Dig Me. Kiss Me. Marry Me. Be Mine. Be True.
Here at Necco, the country's largest maker of conversation candy hearts, there are more than 100 ways to say I Love You.
Including, Yeah Right. That's new this year. And while romantics may Be Disappointed, it fits the criteria.
"They have to be G-rated, nonoffensive and Mother Teresa-approved," says Walter Marshall, King of Hearts, Corporate Cupid or whatever you call a 63-year-old candy executive who thinks up new sayings for one of America's oldest Valentine's Day traditions.
And the sayings have to be short. Remember that if you ever want to send Marshall a suggestion.
"You can't fit the Gettysburg Address on these," he says, pointing to a row of little yellow hearts, just stamped out and beating at 12,480 per minute.
That all adds up to more than 8 billion Sweethearts Brand Conversation Hearts produced annually at Necco's three plants, making it the top-selling candy for Valentine's Day. Box for box, even more than chocolate.
"I call it romance on a budget," says Marshall.
Others call it nostalgic. Founded in 1847, the company that would later be called Necco (short for New England Confectionery Company) is the country's oldest multiline candy firm. In the 1860s, the brother of the founder began printing sayings on colored paper and placing them inside "cockles," crisp candies shaped like scallop shells. In 1902, conversation hearts were born, along with the company's best-selling item, Necco Wafers.
Nostalgic is the operative word here at the factory, a seven-story plant built in 1927 that's surrounded by the campus of M.I.T. During World War II, aside from making candy and war materials for the troops, it served as an air raid shelter, thanks to its 16-inch-thick reinforced-concrete floors.

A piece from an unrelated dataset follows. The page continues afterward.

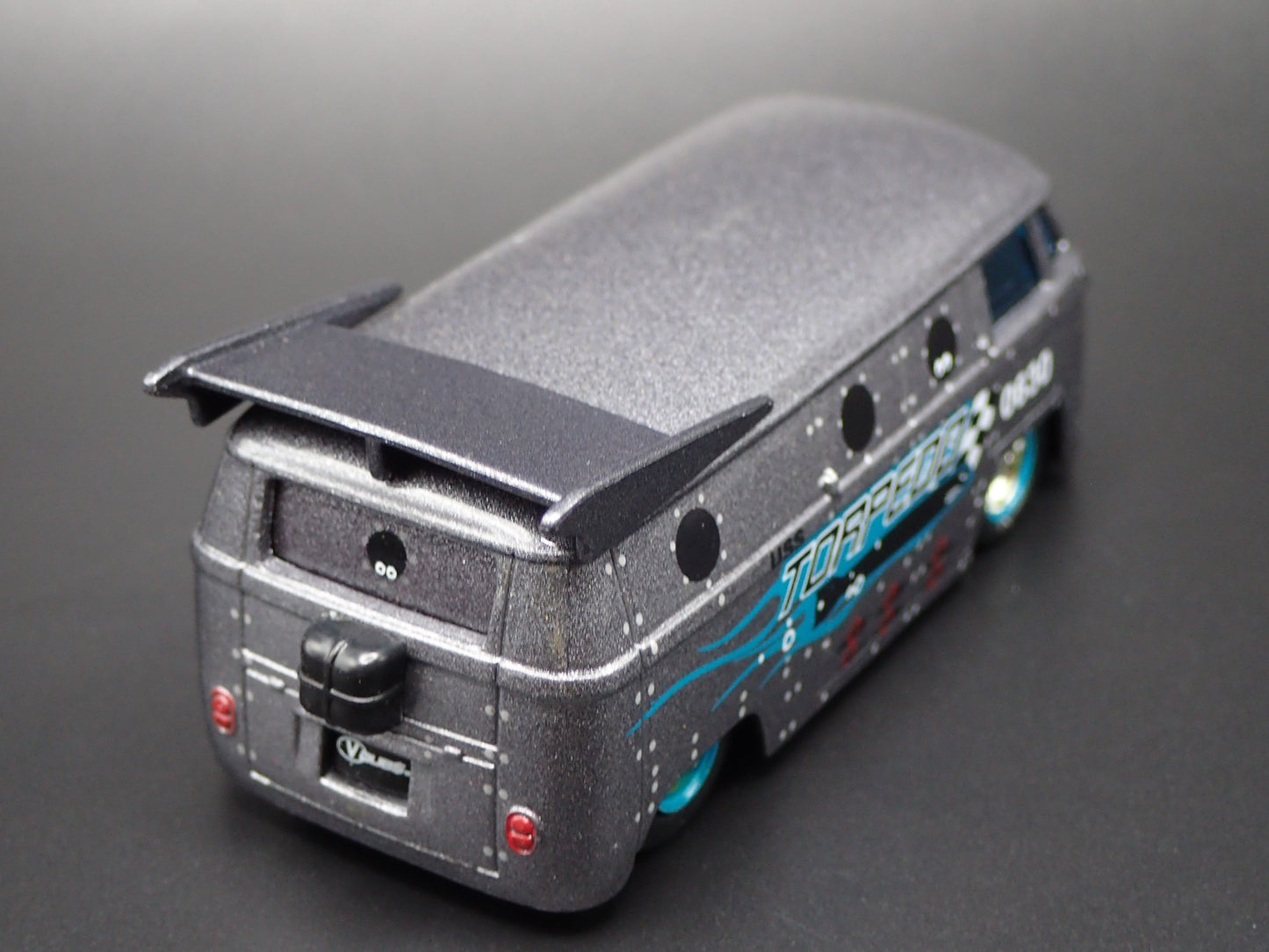 1950-1967 VW VOLKSWAGEN DRAG BUS NHRA GRAY 1/64 SCALE DIORAMA DIECAST MODEL CAR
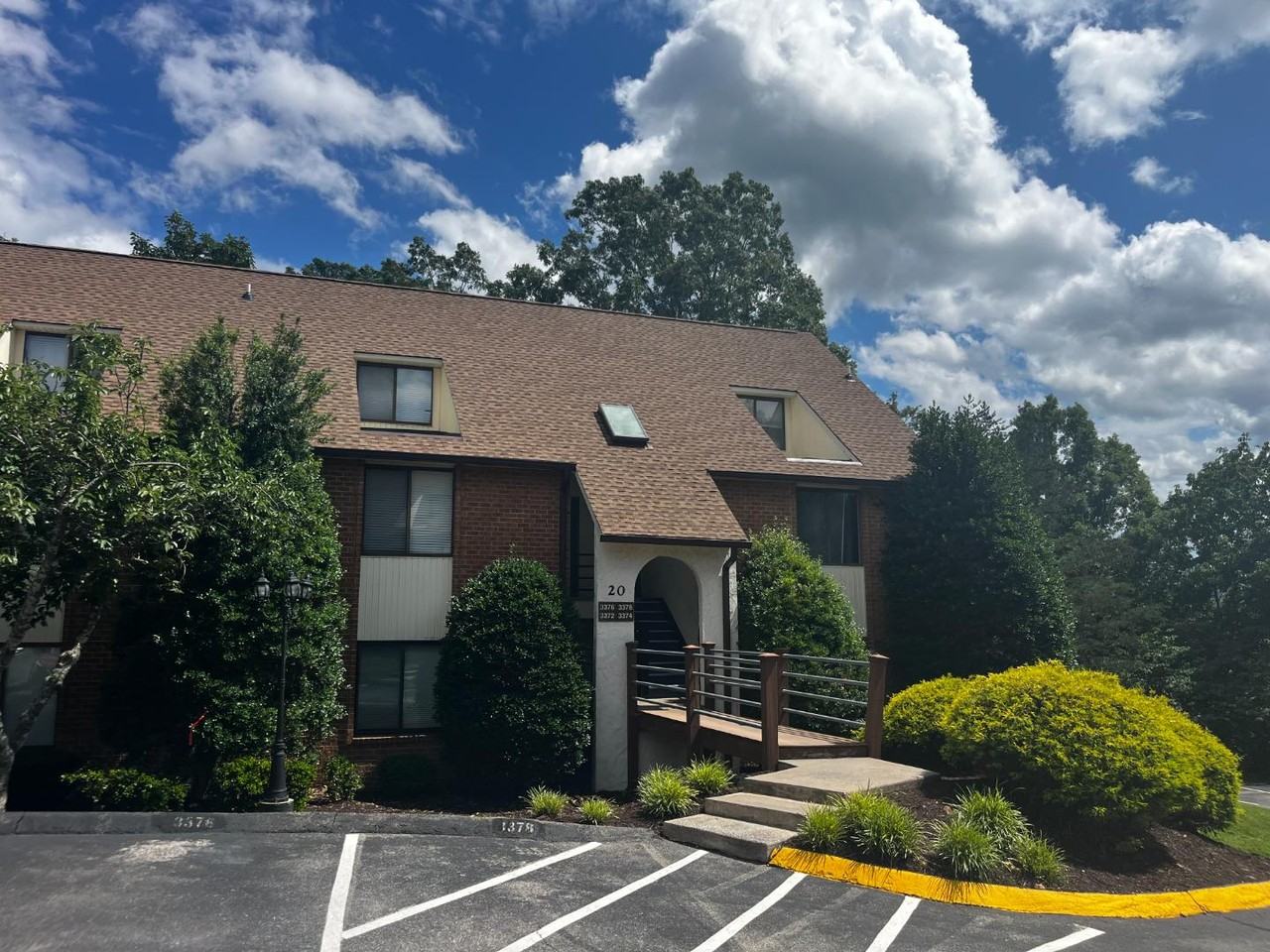 3374 Forest Ct - Photo 2 of 20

Indeed, a visit here is like a trip back in time, a fact the Necco folks tend to apologize for, instead of promoting.
They certainly don't apologize for the recipe for making conversation hearts, which is also old-fashioned and simple. Both Sweethearts and Necco Wafers use the same batter -- it's 90 percent sugar, with a dash each of corn syrup, gelatin, gums and artificial colors and flavorings. To put the recipe in perspective, Necco uses 40 million pounds of sugar a year to make the two candies.

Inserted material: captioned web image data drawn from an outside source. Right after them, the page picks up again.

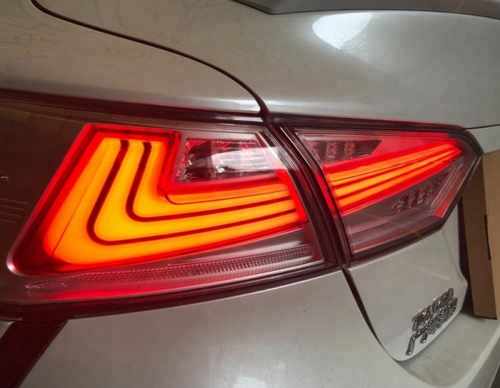 Світлодіодні задні ліхтарі LED для Toyota Camry XV70 2018+ Lexus стиль(чорні)
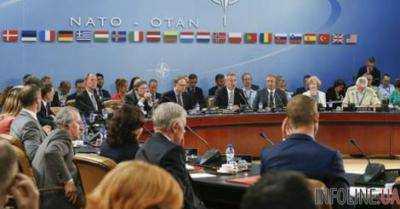 НАТО созывает внеочередное заседание из-за падения российского самолета Су-24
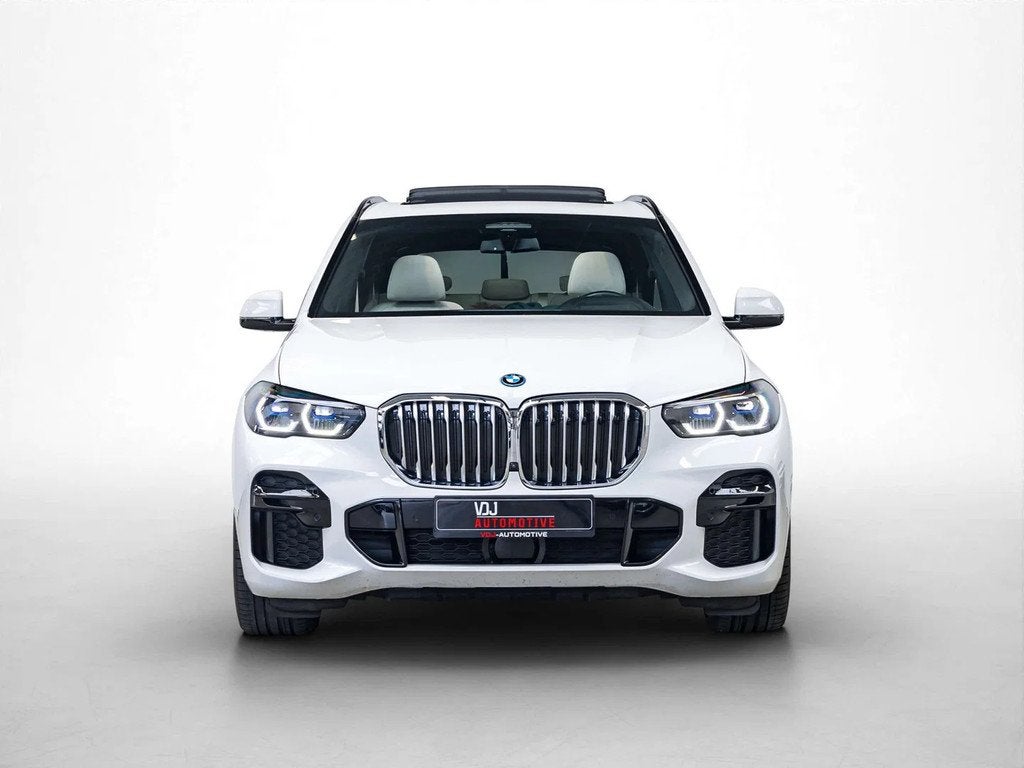 BMW X5 xDrive45e|M-SPORT|MASSAGE|ZTL-KOEL+VERW(v/a)|PANO|, Auto's, Gebruikt, Wit, Leder, 5 zetels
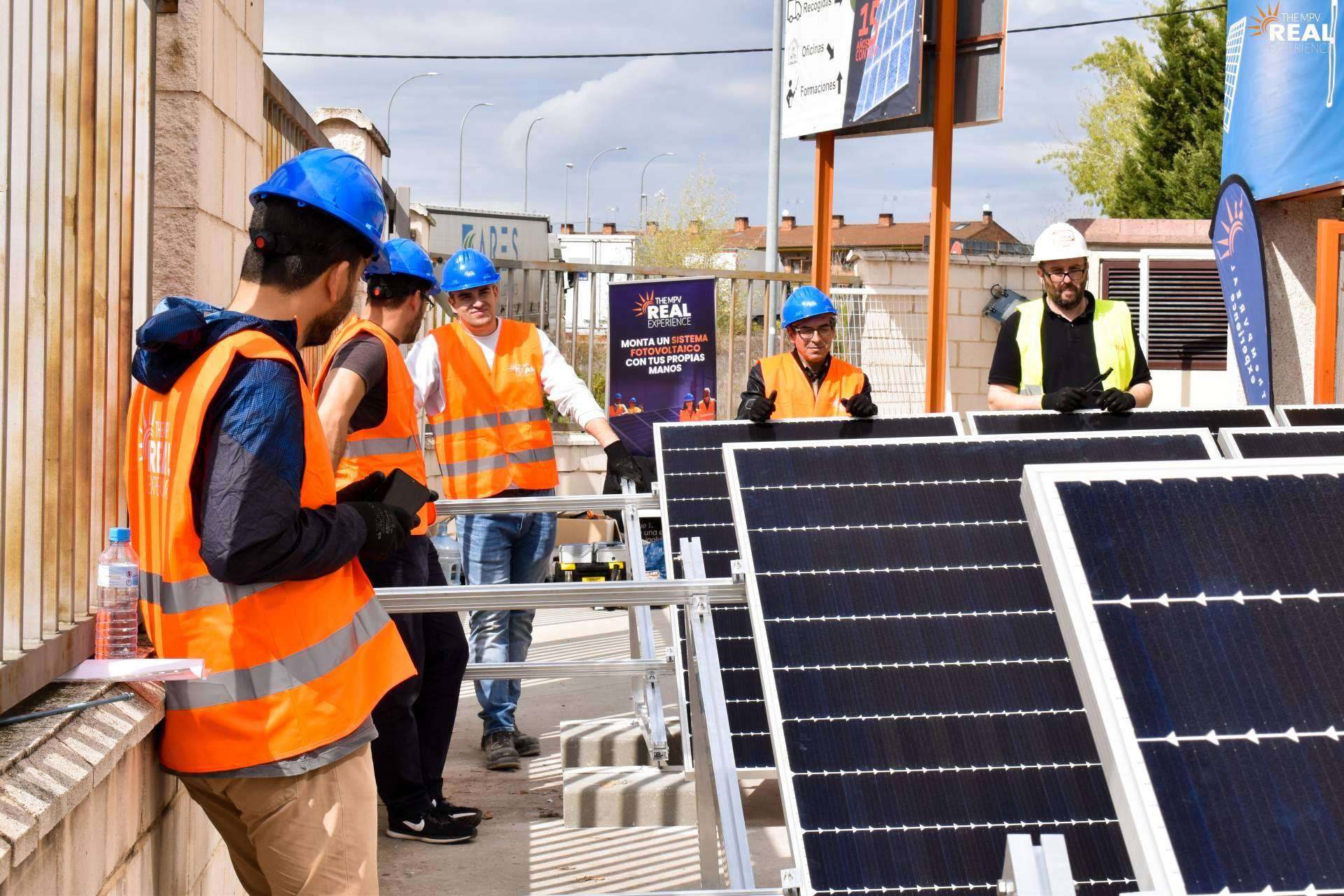 Formación en fotovoltaica, un aprendizaje con cada vez más salidas profesionales, por MPV Solar Reference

This is far from a shiny new plant shimmering with chrome; much of the machinery has been here since the place was built. But Marshall is quick to point out that the equipment has been modified or invigorated with new motors. Maximum efficiency.
The guy in the white uniform and hairnet seems to be working at maximum efficiency at this particular moment. He's banging a funnel with a hammer, trying to get the sugar that's inside to drop into a vat below. Voila. Then he adds a bucket of corn syrup, a pitcher filled with yellow banana-flavored food coloring and a container including gloppy gum arabic. Blades inside the vat turn the mixture into a doughy mass; it's not unlike making pie crust in a food processor.
From there, the 600-pound batches of dough are fed through a chute and squished between rollers. The resulting yellow "blankets" travel down a conveyor belt, get stamped with 80 sayings at a time, then punched into hearts. The Swiss-cheese-like trimmings are recycled back up the chute.
The newly made hearts, now as soft as pliable as clay, go through a drying cycle, which hardens them to teeth-breaking perfection in 45 minutes. Shelf life: five years, after which the flavor dissipates.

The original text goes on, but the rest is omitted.